# WORK ITEM
Word-for-word transcription needed. Include every entry below but no pictures.

Records from a data collection:
☆ ☆ ☆ ☆ ☆ ☆ ☆
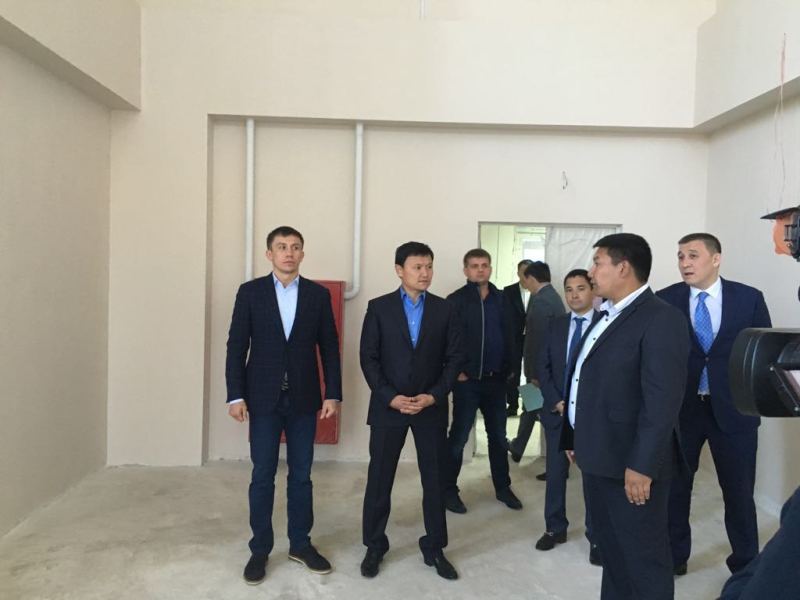 В Караганде может появится спорткомплекс имени Геннадия Головкина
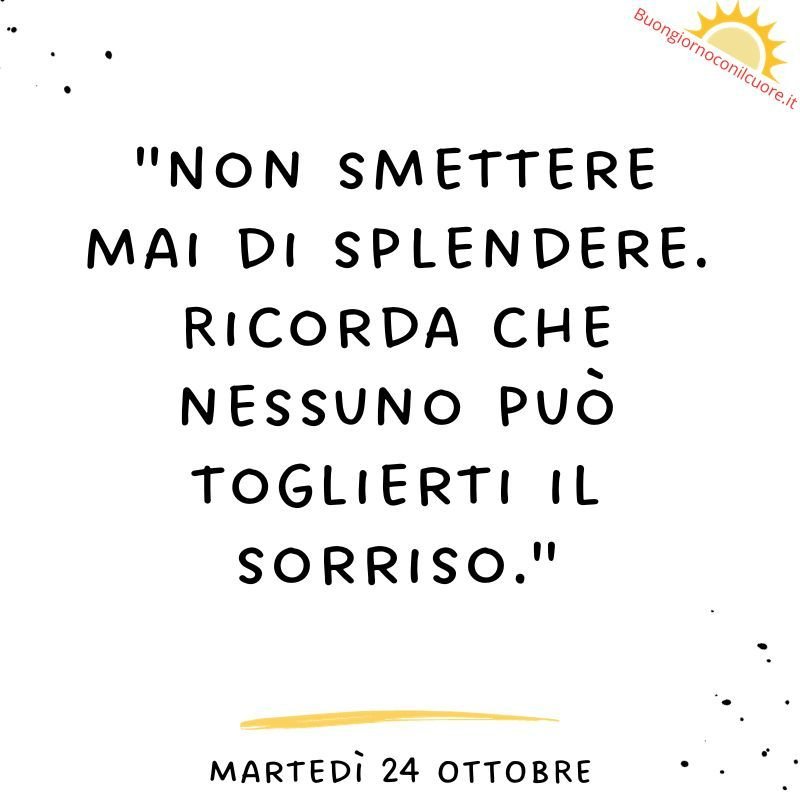 frase del giorno oggi domani martedì 24 ottobre 2023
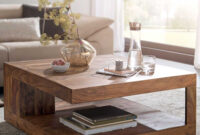 90X90 Wohnzimmer Holztisch Aus Sheesham - Frosina within Wohnzimmer Holztisch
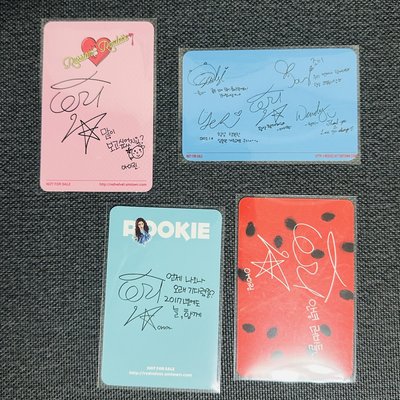 Red Velvet 舊專 Irene專卡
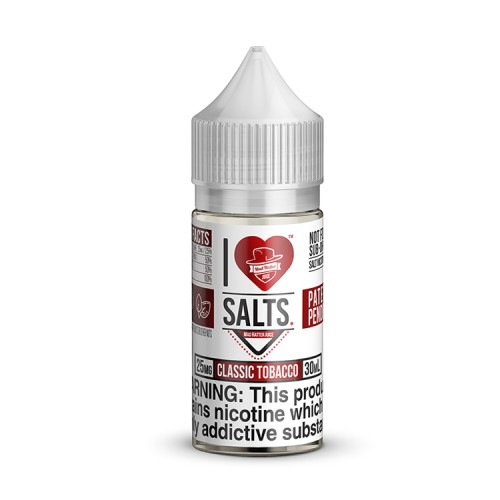 I Love Salts - Classic Tobacco (30ML) Salt Likit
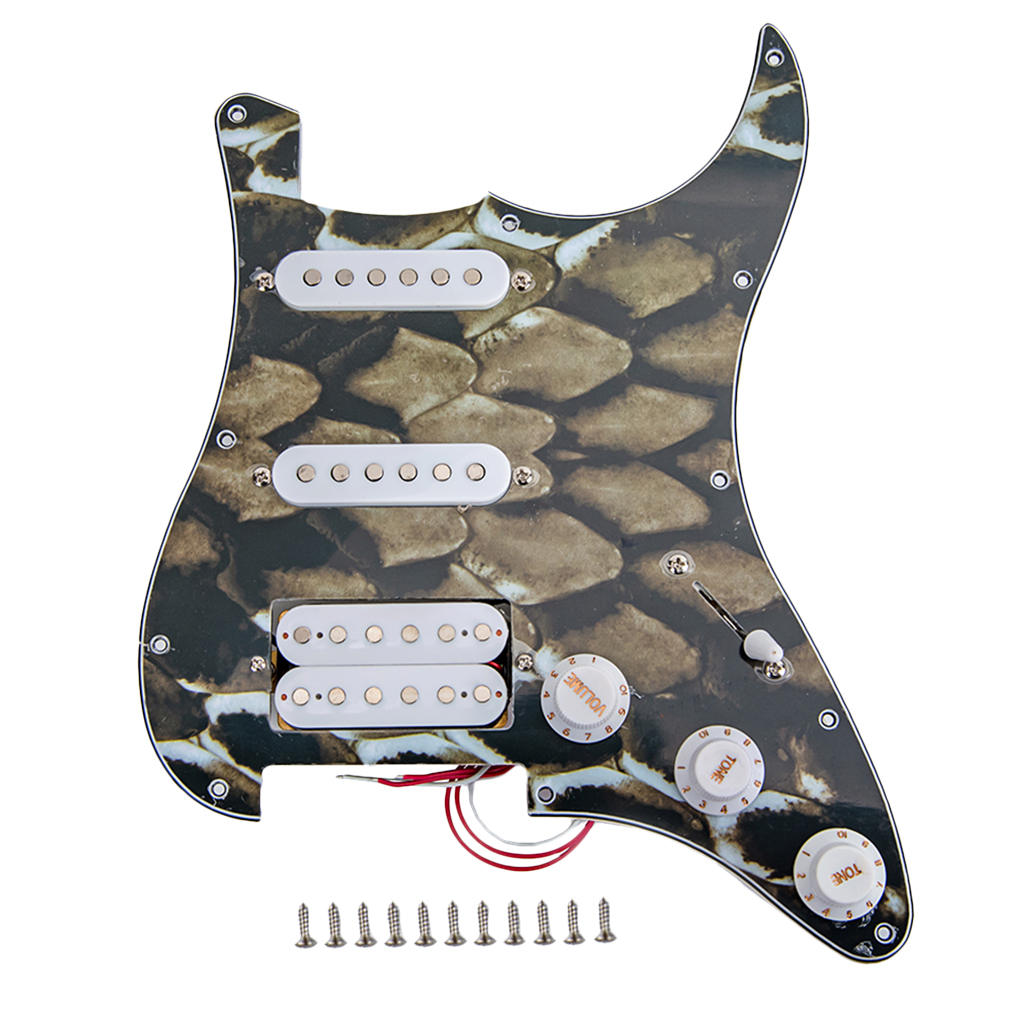 11 Holes 3 Ply Guitar Strat Pickguard Scratch Plate for Stratocaster Electric Guitar Replacement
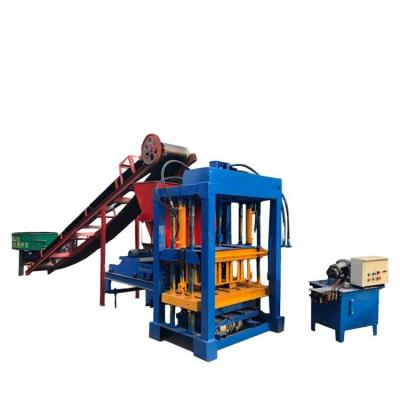 China Block Making Machine QT4-25BH Brick Making Machine Hydraulic Brick Making Machine Brick Making Machine Price In Zimbabwe for sale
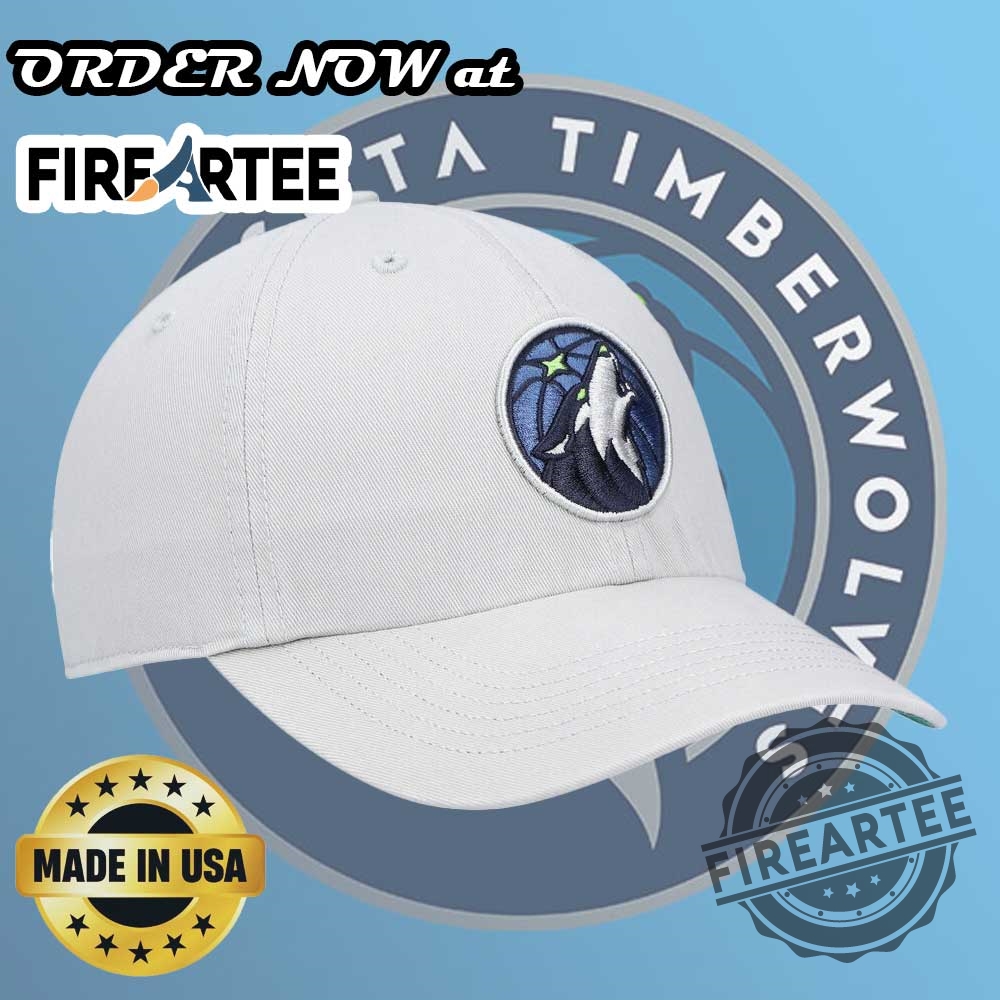 Minnesota Timberwolves Classic Logo Adjustable Dad Hat White 7 Minnesota Timberwolves Classic Logo Adjustable Dad Hat – White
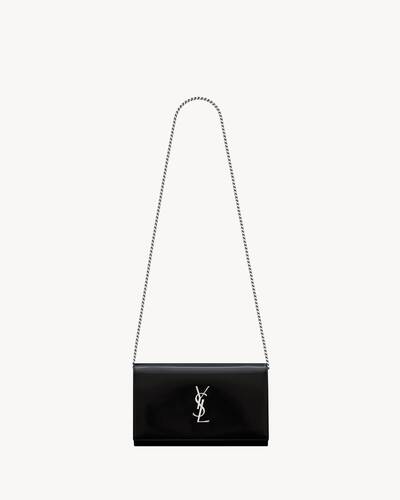 Saint Laurent black monogram chain wallet $1650 @ ysl.com My dream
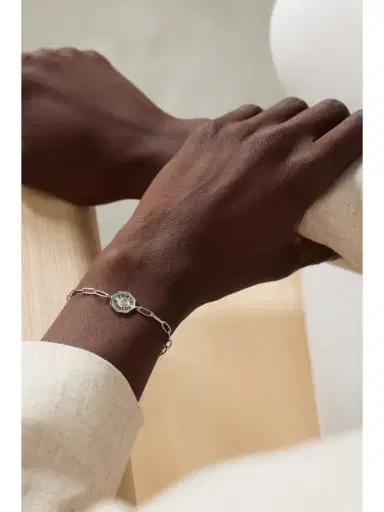 Marlo Laz Porte Bonheur 14-karat White Gold Diamond Bracelet | Thumbnail 2 Marlo Laz Porte Bonheur 14-karat White Gold Diamond Bracelet | Thumbnail 2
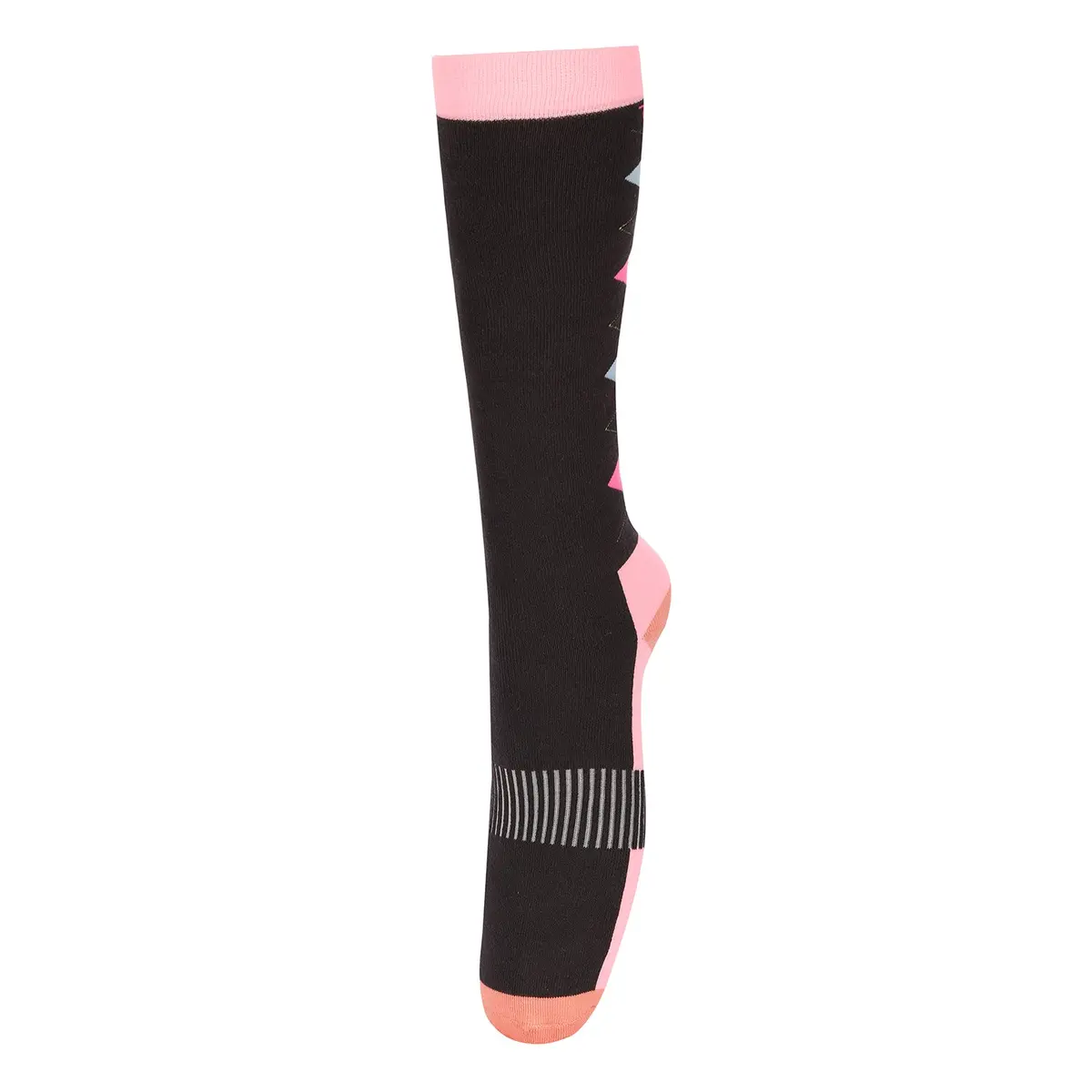Tuffrider Neon Winter Argyle Socks 1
☆ ☆ ☆ ☆ ☆ ☆ ☆
# RESULT FOR THIS EXERCISE
 В Караганде может появится спорткомплекс имени Геннадия Головкина
 frase del giorno oggi domani martedì 24 ottobre 2023
 90X90 Wohnzimmer Holztisch Aus Sheesham - Frosina within Wohnzimmer Holztisch
 Red Velvet 舊專 Irene專卡
 I Love Salts - Classic Tobacco (30ML) Salt Likit
 11 Holes 3 Ply Guitar Strat Pickguard Scratch Plate for Stratocaster Electric Guitar Replacement
 China Block Making Machine QT4-25BH Brick Making Machine Hydraulic Brick Making Machine Brick Making Machine Price In Zimbabwe for sale
 Minnesota Timberwolves Classic Logo Adjustable Dad Hat White 7 Minnesota Timberwolves Classic Logo Adjustable Dad Hat – White
 Saint Laurent black monogram chain wallet $1650 @ ysl.com My dream
 Marlo Laz Porte Bonheur 14-karat White Gold Diamond Bracelet | Thumbnail 2 Marlo Laz Porte Bonheur 14-karat White Gold Diamond Bracelet | Thumbnail 2
Tuffrider Neon Winter Argyle Socks 1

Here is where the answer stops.